I'll see if I can help. I've had a number of these units and have addressed just about every issue you can have with them. It does sound like you need to bleed the lines. Also, the lines may haved cracked (generally at the knuckle). As for your replacement tubing, is it "exactly" like the existing tubing or is it more "flexible"? Sometimes people will unknowingly replace it with the more elastic, plastic tubing which can expand and "absorb" the pressure of the line, causing the fluid not to actuate the lower valve.


----------



## Kaptain_K

*Re: tubing*

Matter of fact, the new tubing is slightly thinner (so slightly larger i.d.) and a bit more flexible. The existing tubing is so firm it feels brittle...and I'm sure it is. The new tubing is rated at 175psi...right off the Ace Hardware store shelf. Again tho, I only replaced a 3" piece that had been previously patched in at the bottom of the joystick. 
How does one go about bleeding the system? I'll snap some photos soon.


----------



## Kaptain_K

*Photos*

Maybe these will help a bit. Here you can see the short piece of tube i tried to patch. Also, there is a filler-type square plug on the joystick housing and also a wing-nut type knob on each side of each of the 3 lower control levers on the truck. I assume these are where you'd bleed from?


----------



## zsteinmetz

*bleeding the lines*

Yes that is where you need to bleed the line from. Engage the pump and stand the upper and lower boom straight up. Crack the wing nut on the function that is not working properly and wait until no air comes out. This may take a few times and oil will come out so have a small pail handy. I also have a manual i would sell. Pm me if your interested.


----------



## Kaptain_K

*Joystick fun*

Welp, that didn't work. I can't seem to get any action or sound at all when I pull the safety trigger on the joystick.
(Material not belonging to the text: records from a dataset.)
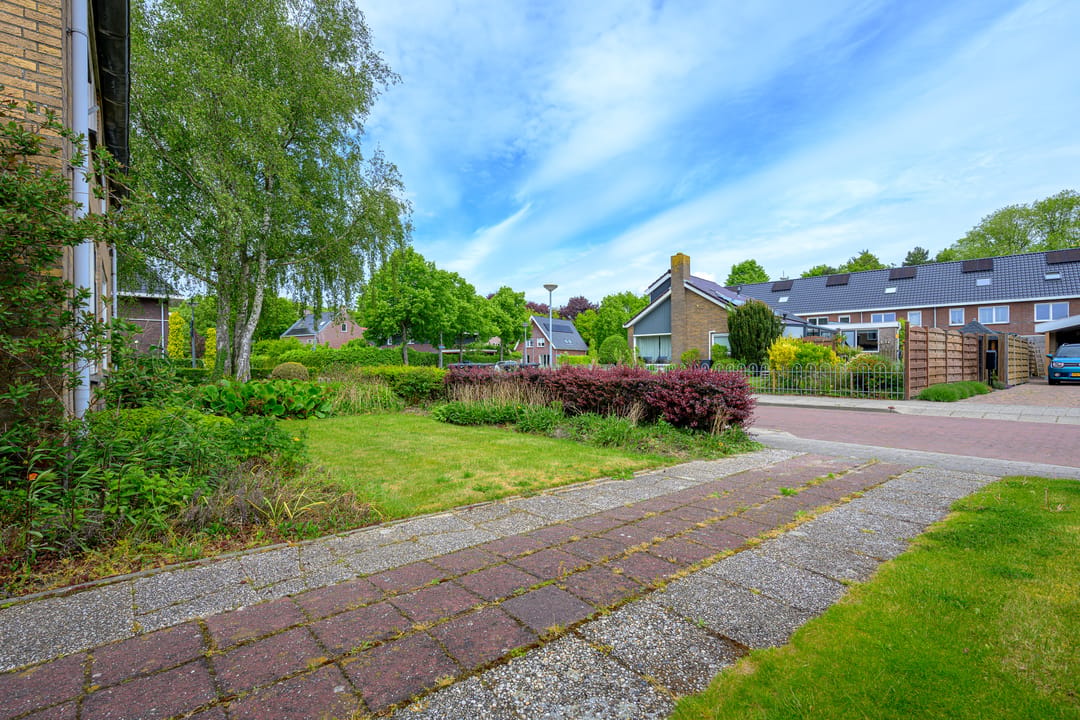 Semi-Detached Home with Garage and Renovation Potential in Wieringermeer — 37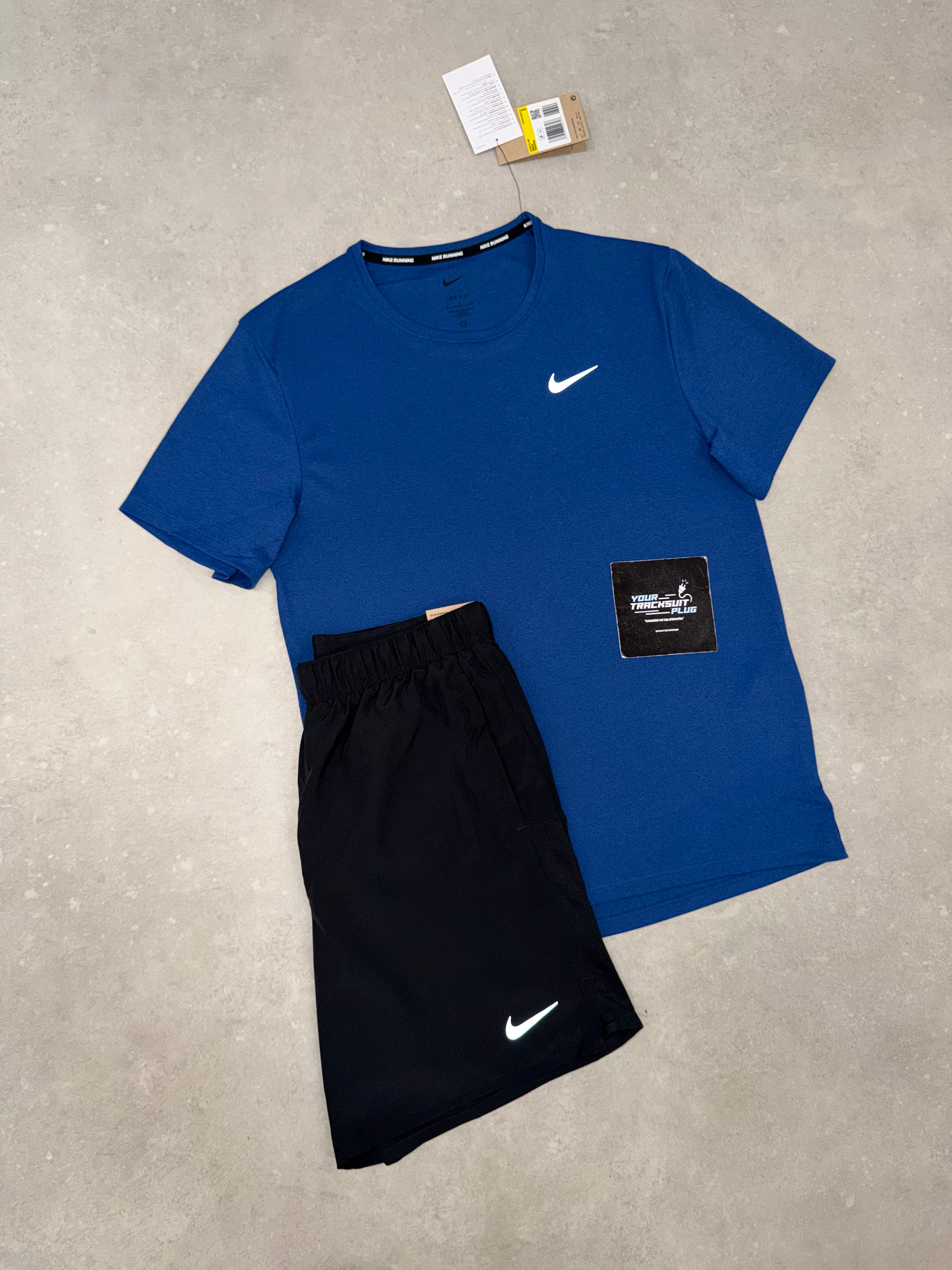 NIKE BLUE & BLACK // SUMMER SET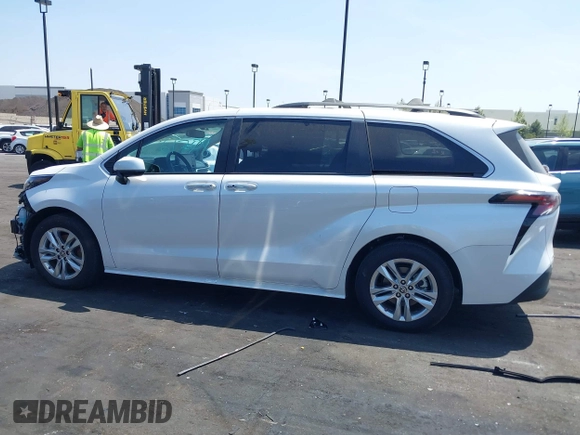 2024 Toyota Sienna XLE z VIN 5TDJSKFC9RS111099, wystawiony jako IAAI lot #42061708 z przebiegiem 15 741 mil mil oraz . Historia ofert i sprzedaży dostępna na DreamBid. Obrazek 15.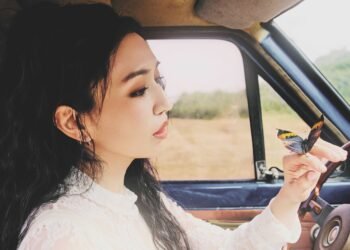 小提琴手 JOYY 楊光愛正式站 C位 夢想打造自己的音樂宇宙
I tried a temporary vacuum hose with no luck. When I pull the trigger I can feel a push of air coming out which should enable the stick. Wonder how to check that vacuum actuated switch on the other end of the hose? It seems like that is dead. It is wired in with the push-button safety switch on the main controls, and that works fine...but it is a separate box. Think I'll go fix something else and come back to it...story of my life.


----------



## meadowstruck

Kaptain_K said:


> Welp, that didn't work. I can't seem to get any action or sound at all when I pull the safety trigger on the joystick. I tried a temporary vacuum hose with no luck. When I pull the trigger I can feel a push of air coming out which should enable the stick. Wonder how to check that vacuum actuated switch on the other end of the hose? It seems like that is dead. It is wired in with the push-button safety switch on the main controls, and that works fine...but it is a separate box. Think I'll go fix something else and come back to it...story of my life.


 
That unit does not work on vacuum. The trigger in the pistol grip actually sends a small amount of low pressure air down the 1/8" spaghetti line to the the lower control valve. This air pressure shifts the main pressure valve and allows high pressure hydraulic flow up to the bucket controls. This functions as the "deadman" switch. Try applying a VERY small amount of pressure to the 1/8" line coming from under the pistol grip joystick trigger...like about 2 to 4 psi. (and no, you cant blow into and have it work either...don't ask how I know.) We apply a low pressure regulator from the shop air compressor set to 3 psi to this line to keep it activated temporarily so we can troubleshoot the upper controls.

If the unit goes to working, then it's a problem in the trigger, the small air diaphragm inside the joystick, or the air line running down to the lower control valve. The palm button at the lower controls is just a mechanical override of this air system.

I attached a parts breakdown of that joystick from a 1990 6H-65PBI Hi-Ranger.


----------



## pro94lt

Kaptain_K said:


> Maybe these will help a bit. Here you can see the short piece of tube i tried to patch. Also, there is a filler-type square plug on the joystick housing and also a wing-nut type knob on each side of each of the 3 lower control levers on the truck. I assume these are where you'd bleed from?



So do i bleed it from the bucket or the lower controls??? My side shift is moving slow... I can see when in the bucket it is just moving the lower controls enough to slowly move me. Help please


----------